Tudo isto é pintado numa tela muito bonita, com uma cinematografia equilibrada e que apela ao olho, mas que apesar de representar esta era com o orgulho de um realizador que é fã do desporto, tem o seu peso e o seu negrume. Isto porque na verdade o filme nunca se esquece que é uma história sobre uma família atormentada e não deixa que o cenário que usa para a contar se sobreponha ao valor emocional que tem.

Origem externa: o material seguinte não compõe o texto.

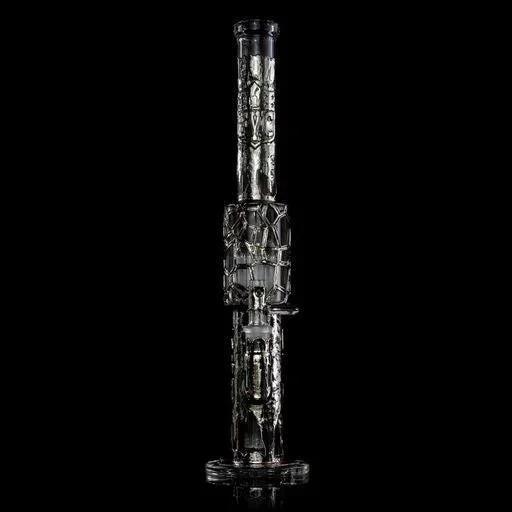 Artistic clear glass water pipe with intricate details on a black background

A cultura americana está muito enraizada em fanatismos e superlativos constantes, mas vê-los tão presentes na dinâmica de uma família, especialmente de um pai para os seus filhos, é quase chocante. Num caso onde o pai diz deliberadamente aos seus filhos qual o ranking dos seus favoritos e onde a sua obsessão pelo sucesso neste negócio se sobrepõe ao amor que lhes devia dar, vamos percebendo onde os problemas surgem. As ilusões de grandeza sempre assolaram Fritz, algo que foi tentando passar para os seus filhos. Muitos deles foram forçados a desistir dos seus próprios sonhos de vida para seguirem, com uma lealdade cega, o que o pai lhes dizia. Mas Eric não. Eric nunca conheceu mais nada senão a mesma obsessão que o pai, levando a que a única coisa que lhe interessa seja os irmãos e o pro wrestling. O conflito do filme jaz precisamente nesta batalha interna que Eric enfrenta na sua vida e que representa os valores que esta história decide abordar.

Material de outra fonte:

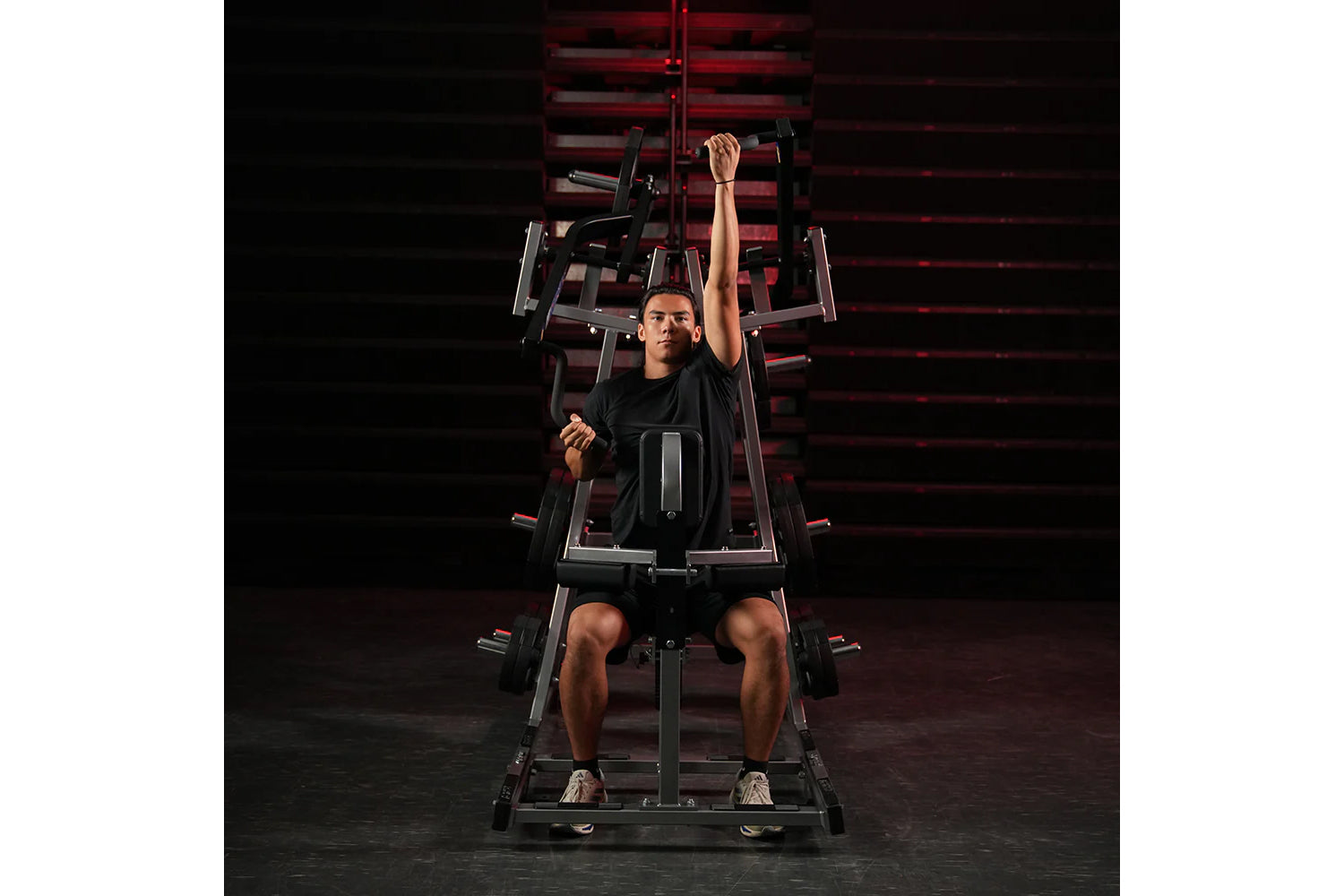 Man in black shirt and shorts performing lat pulldown exercise on Hammer Strength plate-loaded machine with red-lit backgroun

Eric tenta construir a sua própria vida e a sua própria família, tentando, por brechas, ser o seu próprio homem. Mas nunca consegue largar o amor e lealdade que tem pelos seus irmãos, mãe e pai. Mesmo quando esse amor é do mais tóxico que pode existir e acabando por ignorar todo o mal que esta forma de vida lhe faz, tanto a si próprio como a todos que o rodeiam. No meio das maiores tragédias que formam a “Maldição dos Von Erich” e da forma como essas tragédias são maltratadas ou ignoradas pelos seus pais, Eric continua vidrado em conseguir a aprovação do seu progenitor, aprovação essa que não consegue perceber que nunca vai chegar. No seio da ambição, da ganância e dos ciúmes que o seu pai impinge na sua família, Eric é uma pessoa que luta para se libertar de uma vida feita pelos sonhos dos outros. Feita para servir e satisfazer o que outros não conseguiram, sem nunca se impor por si próprio.

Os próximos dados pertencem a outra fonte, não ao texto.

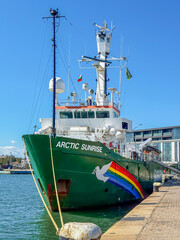 Obraz premium Burgas, Bulgaria - September 07, 2026: Full view of Greenpeace Arctic Sunrise, Burgas port. Greenpeace research vessel from bow, showing green hull, bridge, masts, radar equipment, rainbow dove emblem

Num drama que consegue ser tão ponderado e potente ao mesmo tempo, as performances dos atores são pedra e cal para a história ganhar vida. Todos se apresentam no seu melhor, desde cameos às personagens principais. Jeremy Allen White e Harris Dickinson demonstram mais uma vez porque são dos atores mais acarinhados do presente e futuro, mas a ribalta desta vez vai para Zac Efron, que segurando o papel principal do filme, consegue leva-lo às costas e, diga-se, a bom porto. Zac surpreende tudo e todos com uma interpretação completa, rica e cheia de camadas, dando corpo a um homem que segura mundos e fundos e que alberga uma guerra inteira no seu interior, mas que nunca se deixa vergar devido à masculinidade tóxica em que cresceu. A sua personagem é rígida e aparentemente estática emocionalmente, mas por trás dos olhares e dos silêncios, está um mundo em tumulto e a performance de uma vida.
The Iron Claw é um filme extremamente sólido, credível e que consegue entregar o seu murro emocional de forma convincente. Apesar de um ritmo que acusa estranheza e a tentativa de lidar várias frentes biográficas e ficcionais que se provam trabalho a mais, é uma experiência que tanto fãs de pro wrestling como espectadores casuais podem e até devem visualizar. A sua voz sobre trauma geracional, quebra de ciclos negativos e masculinidade tanto tóxica como saudável, ganha força e deve ser ouvida pois é tão ou mais interessante que os saltos e piruetas que fazem das cordas.